Bruxelles, chez les principaux libraires, édition considérablement augmentée, 1852

tome II

Chapitre X : PRÉTENDUE CONSPIRATION DE L’ASSEMBLÉE CONTRE LE PRÉSIDENT.

Ainsi les décembriseurs ont violé la Constitution et dissous l’Assemblée législative ; ils ont mis Paris et trente-trois départements en état de siége ; ils ont traité la capitale du monde civilisé comme une place de guerre prise d’assaut ; ils y ont battu les maisons en brèche à coups de canon ; ils ont tiré sans sommation sur des groupes inoffensifs ; ils ont lardé, comme ils disent, et fusillé des femmes ; ils ont fouetté de jeunes hommes ! En province, ils ont de même étouffé la résistance dans les flots de sang. Ils ont publié et appliqué des décrets et des arrêtés qui resteront comme des monuments de barbarie. Ils ont emprisonné, exilé, déporté les plus illustres généraux de l’armée avec l’élite de la nation ; ils ont exercé contre une classe de citoyens des persécutions dont il n’est pas d’exemple depuis la révocation de l’édit de Nantes ; ils ont violé enfin toutes les lois divines et humaines !

 

Quel amas de forfaits !

 

Et pour les expliquer, que disent-ils ? Il convient de l’examiner.

 

Il y a dans la nature humaine une telle répugnance pour le mal, que les méchants s’avouent rarement coupables au tribunal de leur propre conscience, à plus forte raison devant les hommes. Au moment même où ils commettent le crime, ils essayent de le couvrir d’un semblant de raison. Dernier hommage du vice à la morale universelle.

 

Ainsi les conspirateurs du 2 décembre s’efforcent de se justifier en prétendant que l’Assemblée nationale conspirait contre l’Elysée. Que l’Europe le sache bien, c’est là une de ses misérables excuses que cherche la conscience troublée des malfaiteurs les plus endurcis, afin de se faire absoudre.

 

La majorité était à l’état de conspiration permanente contre la République, mais il n’y eut jamais de complot à l’Assemblée nationale contre le président. Le bon sens le dit, les faits le confirment. L’assemblée n’avait aucune espèce de raison pour songer à renverser un homme qui devait forcément quitter le pouvoir cinq on six mois plus tard, et qui, en vertu même de la Constitution, ne pouvait y remonter.
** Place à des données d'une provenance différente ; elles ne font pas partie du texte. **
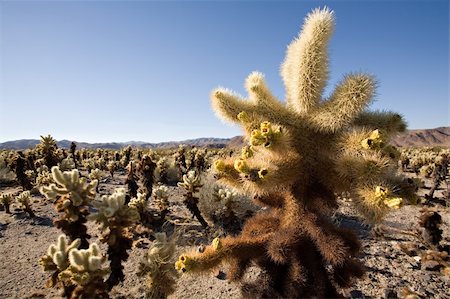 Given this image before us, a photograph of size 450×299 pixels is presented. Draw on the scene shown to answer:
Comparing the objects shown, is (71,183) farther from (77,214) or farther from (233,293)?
(233,293)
La majorité a fait, de complicité avec l’ex-président, toutes les lois qui pouvaient enchaîner la liberté, ébranler le principe républicain, paralyser l’action démocratique. C’est même en donnant au pouvoir exécutif les moyens de compression dont il s’est servi pour étouffer toute résistance qu’elle a favorisé le guet-apens, qu’elle a fourni des armes aux cinq ou six mille coquins. La majorité est devenue ainsi la dupe de sa haine contre les socialistes ; elle a été le Raton du vulgaire Bertrand de l’Elysée, mais elle n’a pas plus que la minorité conspiré contre lui. Loin de là, elle a toujours refusé de le mettre en accusation, quoique la Montagne ait trois fois proposé cette mesure, et elle aurait tout droit de l’accuser d’ingratitude, si deux larrons se devaient quelque chose l’un à l’autre.

 

Les souteneurs gagés de l’attentat ont été cependant jusqu’à dire que l’on avait trouvé chez M. Baze, l’un des questeurs, les preuves de la prétendue conjuration des représentants du peuple. Voici ce que racontait le Constitutionnel du 16 décembre :

 

« La questure était, on le sait, le quartier général de la coalition.

 

Dès que l’acte du 2 décembre a éclaté, les arrestations et les recherches se sont dirigées vers la questure. On a arrêté les questeurs, l’on a saisi leurs papiers, notamment chez M. Baze.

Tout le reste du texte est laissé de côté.